Una mañana de enero de hace un par de años, Juan Sklar me escribió para ver si podía mandarme un cuento para una revista en la que yo editaba la sección de ficción. Me lo mandó pero el cuento no se publicó. Tiempo después, me escribió para ver si quería leer el manuscrito de una novela; quería alguien que no fuera complaciente y le había caído bien que yo no quisiera publicar su cuento. Acepté y fui complaciente, porque Nunca llegamos a la India es un librazo.

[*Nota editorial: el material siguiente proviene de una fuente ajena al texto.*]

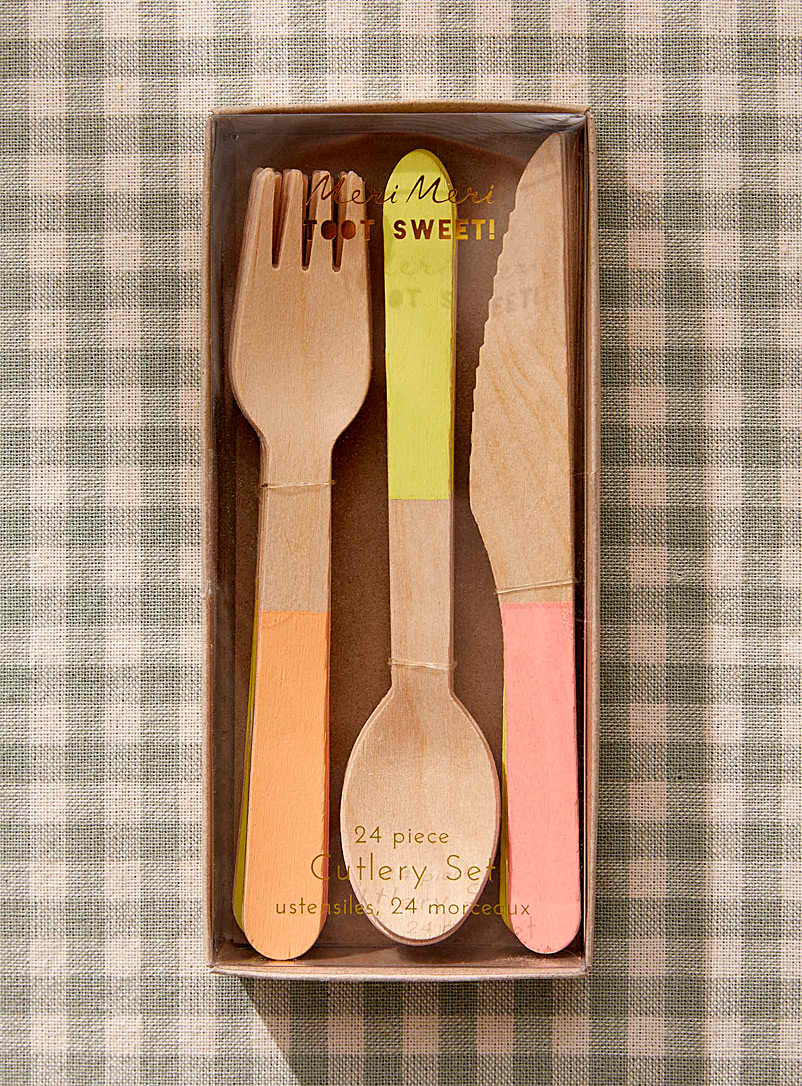 Meri Meri Assorted Neon accent wooden utensils Set of 24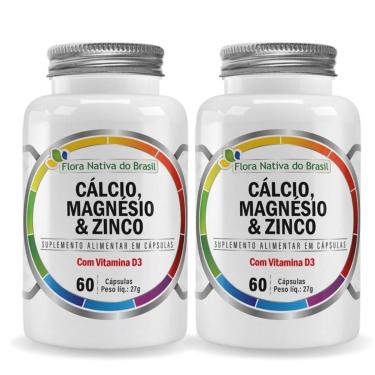 Imagem de Kit 2x Cmz (Cálcio, Magnésio, Zinco e D3) 500mg 60 Cápsulas Flora Nativa-Unissex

Sklar se toma muy seriamente su trabajo de escritor y sabe transmitir su sensibilidad con palabras. Me parece un escritor notable. Está decidido a contar lo que hay en su cabeza –en la cabeza de su narrador, bueno. En una época de virilidades en cuestión, él viene a ofrecer su honestidad. Prefiere la narración de una intimidad problemática a la corrección política. Escribe con la soberbia armada de la juventud. Su protagonista no va a la India a ver a los miserables del mundo ni a buscar espiritualidad. La obsesión sexual y el escepticismo siempre van con él. El libro cuenta un territorio caliente, es áspero, peligroso, un poco enfermito y muy tierno. Sklar narra la violencia, el deseo y el sinsentido como pocos escritores argentinos.
Esta novela-diario-relato de viaje se devora, perturba, calienta. Con desparpajo y ternura, Sklar desarma los tópicos del viaje a la India y encuentra ahí mística y sexualidad, consumo y muerte, neurosis y belleza raspada: una India que es el espejo irónico de un argentino que quiere saber quién es.